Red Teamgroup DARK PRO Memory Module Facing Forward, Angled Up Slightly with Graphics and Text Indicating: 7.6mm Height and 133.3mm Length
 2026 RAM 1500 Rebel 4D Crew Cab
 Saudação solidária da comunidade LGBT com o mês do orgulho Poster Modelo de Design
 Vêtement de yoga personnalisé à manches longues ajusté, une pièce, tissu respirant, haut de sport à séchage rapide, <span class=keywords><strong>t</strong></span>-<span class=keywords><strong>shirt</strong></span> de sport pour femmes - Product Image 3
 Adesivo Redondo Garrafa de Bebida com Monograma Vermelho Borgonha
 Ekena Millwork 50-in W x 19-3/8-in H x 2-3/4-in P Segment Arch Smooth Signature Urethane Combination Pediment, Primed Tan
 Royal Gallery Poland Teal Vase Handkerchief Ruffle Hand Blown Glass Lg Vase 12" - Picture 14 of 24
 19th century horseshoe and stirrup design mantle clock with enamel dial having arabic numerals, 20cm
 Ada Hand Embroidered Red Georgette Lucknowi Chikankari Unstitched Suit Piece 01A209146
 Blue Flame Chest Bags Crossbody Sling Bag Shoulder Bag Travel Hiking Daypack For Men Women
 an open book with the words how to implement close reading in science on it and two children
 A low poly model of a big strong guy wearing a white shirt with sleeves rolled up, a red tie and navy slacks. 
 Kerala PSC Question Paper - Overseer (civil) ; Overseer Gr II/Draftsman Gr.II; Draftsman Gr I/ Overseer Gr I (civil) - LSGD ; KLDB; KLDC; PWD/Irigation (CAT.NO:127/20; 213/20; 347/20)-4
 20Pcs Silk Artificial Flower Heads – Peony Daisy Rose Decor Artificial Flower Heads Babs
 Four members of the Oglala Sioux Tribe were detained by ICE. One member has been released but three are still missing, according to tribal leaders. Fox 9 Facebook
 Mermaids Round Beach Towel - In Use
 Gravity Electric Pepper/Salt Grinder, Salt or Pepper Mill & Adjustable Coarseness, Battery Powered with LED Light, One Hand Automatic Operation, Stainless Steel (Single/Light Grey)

▶ [What you will do] Retype the portion of the data above that starts on the line with "Ekena Millwork 50-in" and finishes on the line with "20Pcs Silk Artificial", including both of those lines.

▶ [Solution to this exercise]
 Ekena Millwork 50-in W x 19-3/8-in H x 2-3/4-in P Segment Arch Smooth Signature Urethane Combination Pediment, Primed Tan
 Royal Gallery Poland Teal Vase Handkerchief Ruffle Hand Blown Glass Lg Vase 12" - Picture 14 of 24
 19th century horseshoe and stirrup design mantle clock with enamel dial having arabic numerals, 20cm
 Ada Hand Embroidered Red Georgette Lucknowi Chikankari Unstitched Suit Piece 01A209146
 Blue Flame Chest Bags Crossbody Sling Bag Shoulder Bag Travel Hiking Daypack For Men Women
 an open book with the words how to implement close reading in science on it and two children
 A low poly model of a big strong guy wearing a white shirt with sleeves rolled up, a red tie and navy slacks. 
 Kerala PSC Question Paper - Overseer (civil) ; Overseer Gr II/Draftsman Gr.II; Draftsman Gr I/ Overseer Gr I (civil) - LSGD ; KLDB; KLDC; PWD/Irigation (CAT.NO:127/20; 213/20; 347/20)-4
 20Pcs Silk Artificial Flower Heads – Peony Daisy Rose Decor Artificial Flower Heads Babs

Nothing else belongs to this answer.